Obligasi Global Perdana Danantara US$ 1,5 Miliar, AS Jadi Investor Terbesar Latest Program - Jakarta, Beritasatu.com — Sebagai langkah strategis dalam

Desk Ekonomi
Published Juni 15, 2026
Reading time 4 minutes
Conversation No comments

Obligasi Global Perdana Danantara US$ 1,5 Miliar, AS Jadi Investor Terbesar

Latest Program – Jakarta, Beritasatu.com — Sebagai langkah strategis dalam mengembangkan bisnisnya, Danantara Indonesia sukses meraih hasil yang menggembirakan setelah melakukan penerbitan obligasi global perdana. Perusahaan keuangan yang dipimpin oleh Chief Executive Officer (CEO) Rosan Perkasa Roeslani mengungkapkan bahwa jumlah dana yang berhasil terkumpul mencapai US$ 1,5 miliar, melebihi target awal sebesar US$ 1 miliar. Angka ini mencerminkan tingginya antusiasme dan kepercayaan investor internasional terhadap potensi pertumbuhan ekonomi Indonesia.

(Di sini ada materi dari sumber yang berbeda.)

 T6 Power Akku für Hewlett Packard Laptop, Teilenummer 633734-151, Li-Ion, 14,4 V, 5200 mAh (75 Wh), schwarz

Respon Positif dari Global Investor

Menurut Rosan, minat peserta dalam proses book building mencapai US$ 4,6 miliar, jauh melampaui harapan awal. “Karena animo dari investor begitu tinggi, kami memutuskan untuk menaikkan nilai obligasi dari US$ 1 miliar menjadi US$ 1,5 miliar,” ujarnya dalam konferensi pers di Istana Kepresidenan, Jakarta, Senin (15/6/2026). Penerbitan ini tidak hanya menunjukkan kepercayaan pasar global terhadap Indonesia, tetapi juga menjadi bukti kemajuan sektor keuangan negara tersebut.

“Dari rencana US$ 1 miliar yang ingin dicapai, jumlah peserta dalam book building mencapai sekitar US$ 4,6 miliar. Dengan demikian, melihat antusiasme yang sangat positif, kami memutuskan untuk menaikkan target dari US$ 1 miliar menjadi US$ 1,5 miliar,” kata Rosan.

Obligasi global yang diterbitkan Danantara terbagi menjadi dua tenor, yaitu 5 tahun dan 10 tahun, dengan masing-masing nominal US$ 750 juta. Dalam hal distribusi investor, tenor 5 tahun menunjukkan dominasi AS sebesar 38%, disusul oleh Eropa dan Timur Tengah dengan 41%, serta Asia sebesar 21%. Sementara untuk tenor 10 tahun, AS menjadi pemilik 52% dari total pembelian, diikuti oleh investor Eropa dan Timur Tengah sebesar 31%, serta Asia sebesar 17%. Angka ini menunjukkan bahwa AS memiliki peran dominan dalam menyalurkan dana keuangan ke Indonesia.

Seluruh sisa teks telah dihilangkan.